▶ _ABOUT THIS EXERCISE_
Nothing but the lines from the one holding "ماكينة قص شعر Vgr بشفرات DLC - V-299 مكنه" to the final line of the listing below, both included, should be repeated, and each must match exactly. Omit pictures.

▶ _DATASET EXTRACT_

____________________

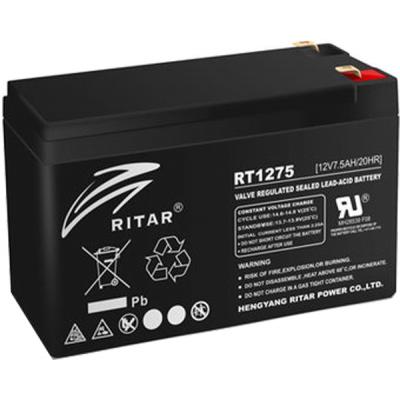 Батарея для ДБЖ Ritar AGM RT1275B, 12V-7.5Ah (RT1275B)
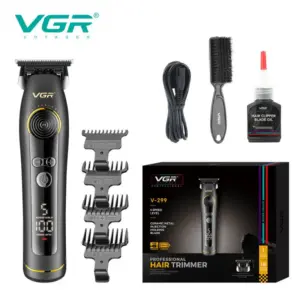 ماكينة قص شعر Vgr بشفرات DLC - V-299 مكنه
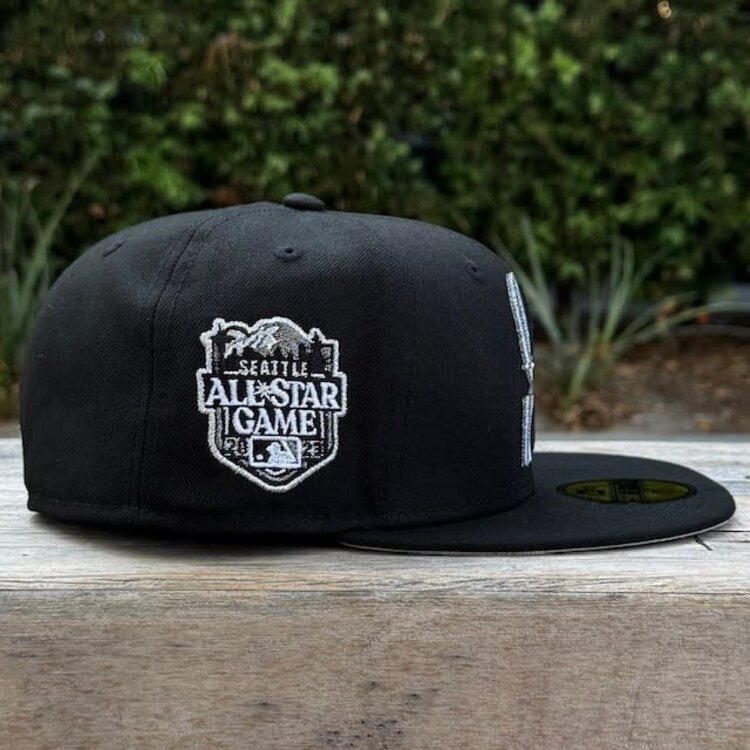 New Era Seattle Black Metallic Silver Fade 2023 ASG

____________________

▶ _SOLVED PROBLEM_
 ماكينة قص شعر Vgr بشفرات DLC - V-299 مكنه
 New Era Seattle Black Metallic Silver Fade 2023 ASG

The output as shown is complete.